There is a mistake in the last line, it should be best_i + sum(i+1,i+len) — k (it is written correctly in the sample code).

As for the reasoning, Suppose you want to find score of array of length len starting at index, then let rem=len%m. The your score would be sum(i,i+rem-1) -k + max(i+rem).

where max(i+rem) is the maximum score you can obtain if you are starting at index (i+rem) and your sub-array's length is multiple of m (i.e. m, 2m, 3m...)

Now, you can notice that max[i] = sum(i,i+m-1) + max[i+m]. Your base case would be max[n-m]= MAX(0, sum(n-m,n-1)], and max[i]=0 for all i greater than n-m and less than n-1.

After your max array is calculated you can go through all the indices and for each rem = 1,2,3....m, find out the maximum score.

Basically, the idea is: we want to apply one of the usual solutions to the maximum sum on subarray problem with an additional constraint.

The additional constraint is the following one: basically, we get $$$k$$$ penalty if the subarray contains at least $$$1$$$ element, additional $$$k$$$ penalty for a subarray containing at least $$$m+1$$$ elements, additional $$$k$$$ for a subarray with at least $$$2m+1$$$ elements, and so on.

Suppose we iterate on the left border of the subarray we're interested in. We can reduce some elements by $$$k$$$ to maintain the penalty. So, the first element which we decrease by $$$k$$$ will be the $$$1$$$-st after the left border; the second element will be the $$$(m+1)$$$-th after the left border, and so on.
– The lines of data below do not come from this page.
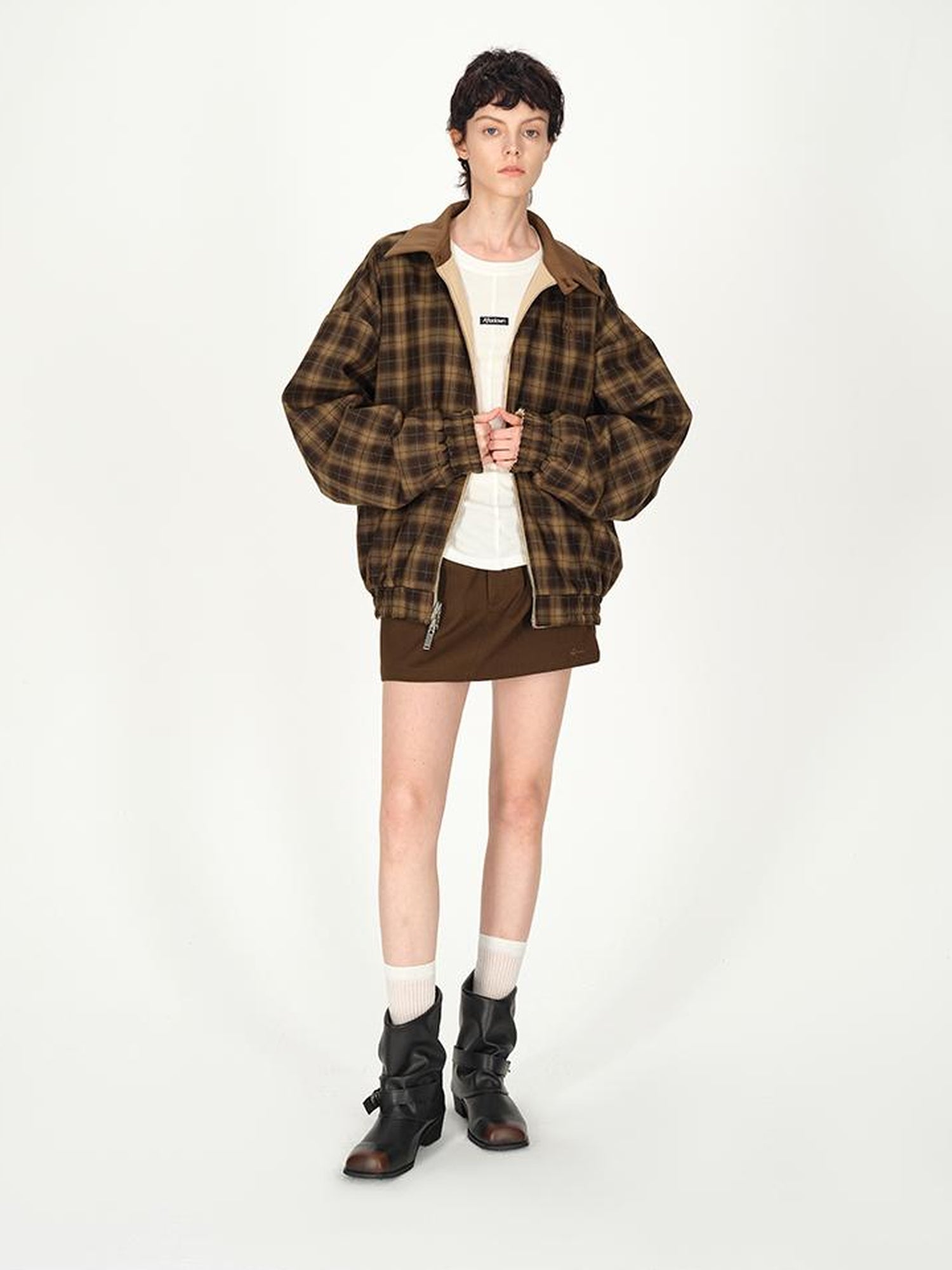 AFTADAWN Two Tone Leather Collar Reversible Plaid Jacket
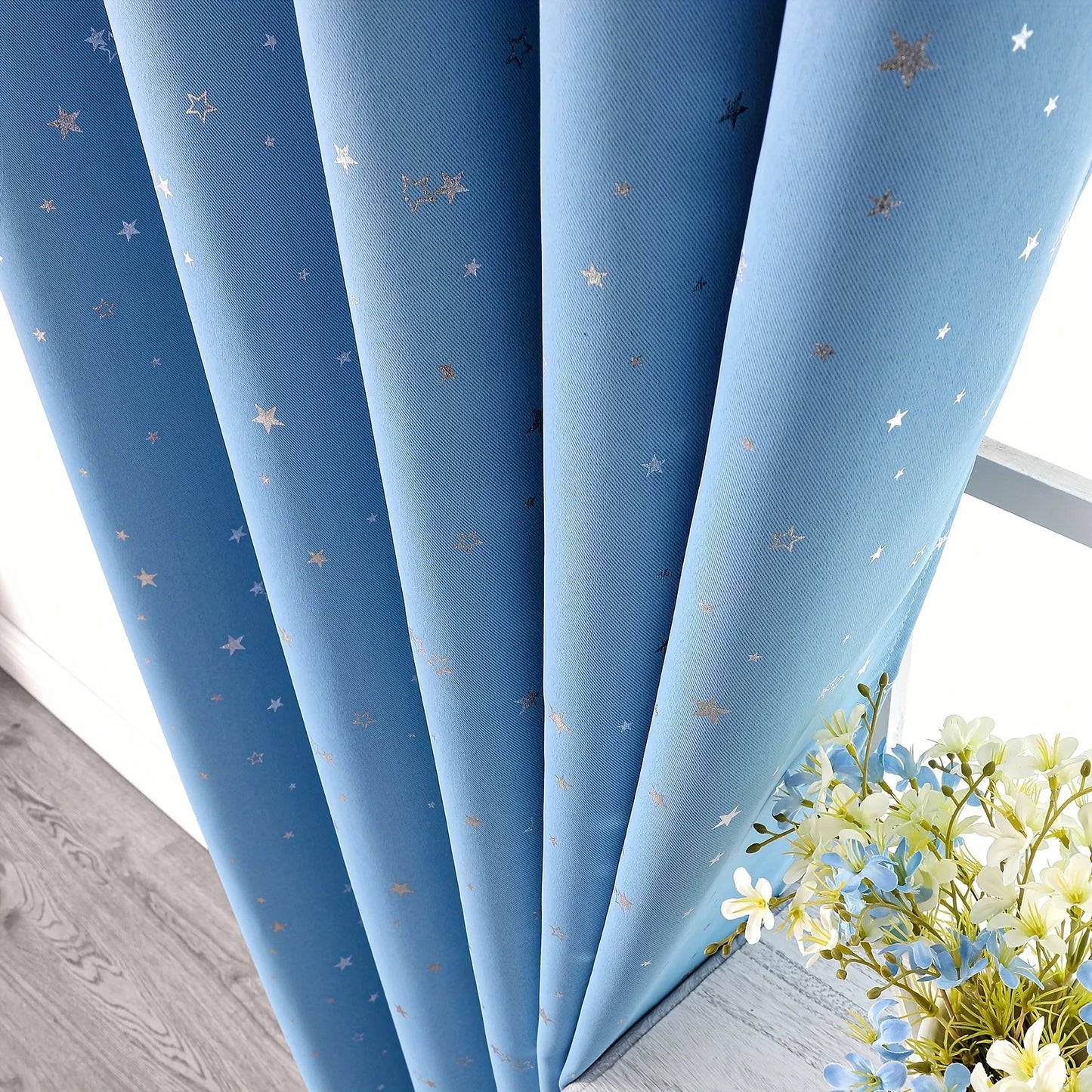 Curtains With Stars Grommet Top For Bedroom Living Room Window Drapes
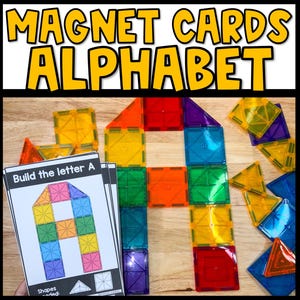 Alphabet Magnet Tile Building Cards, Letter Recognition, Fine Motor Skills (Digital Download)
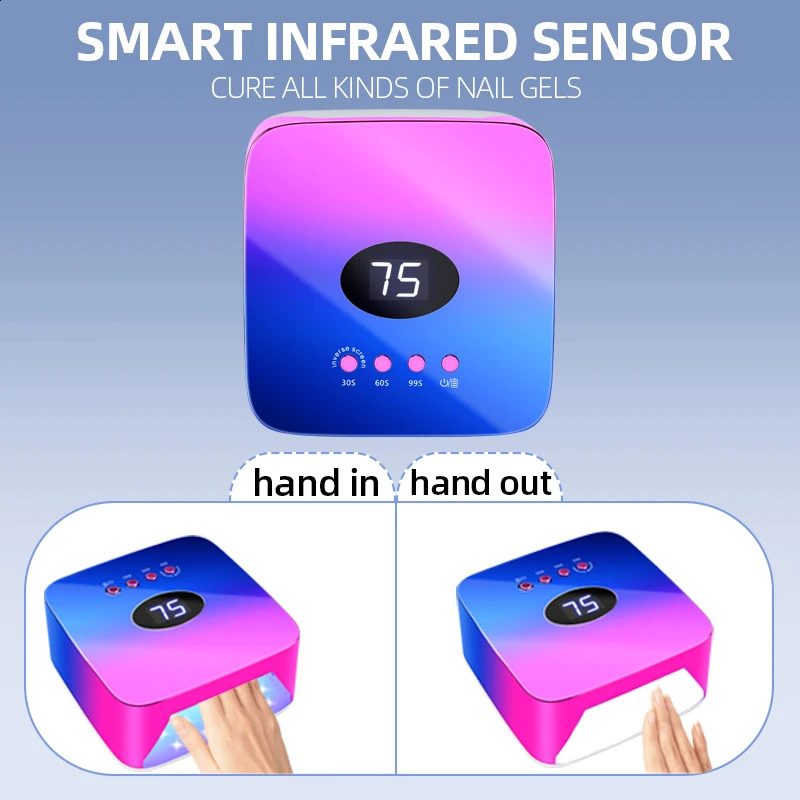 54W Rechargeable Nail Lamp Cordless LED Nail Dryer UV Light for Nails Wireless Gel Polish Dryer Machine With Automatic Sensor 240729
Obviously, iterating on the left border is too slow, if we want to model these decreases and search for the best right border. However, we can instead iterate on the remainder of the left border modulo $$$m$$$, because this leads to similar decreases. If our left border $$$l$$$ has remainder modulo $$$m$$$ equal to $$$x$$$, then we need to decrease the $$$x$$$-th element of the array, the element $$$(x+m)$$$, the element $$$(x+2m)$$$, and so on.

And now we need to find the maximum sum on subarray with the remainder of $$$l$$$ modulo $$$m$$$ equal to $$$x$$$. We can modify our prefix sum approach to consider only such subarrays of follows: while we keep track of the minimum value of $$$p_l$$$, we consider only values of $$$l$$$ having $$$l \bmod m = x$$$.

So, this is how we get a solution in $$$O(nm)$$$.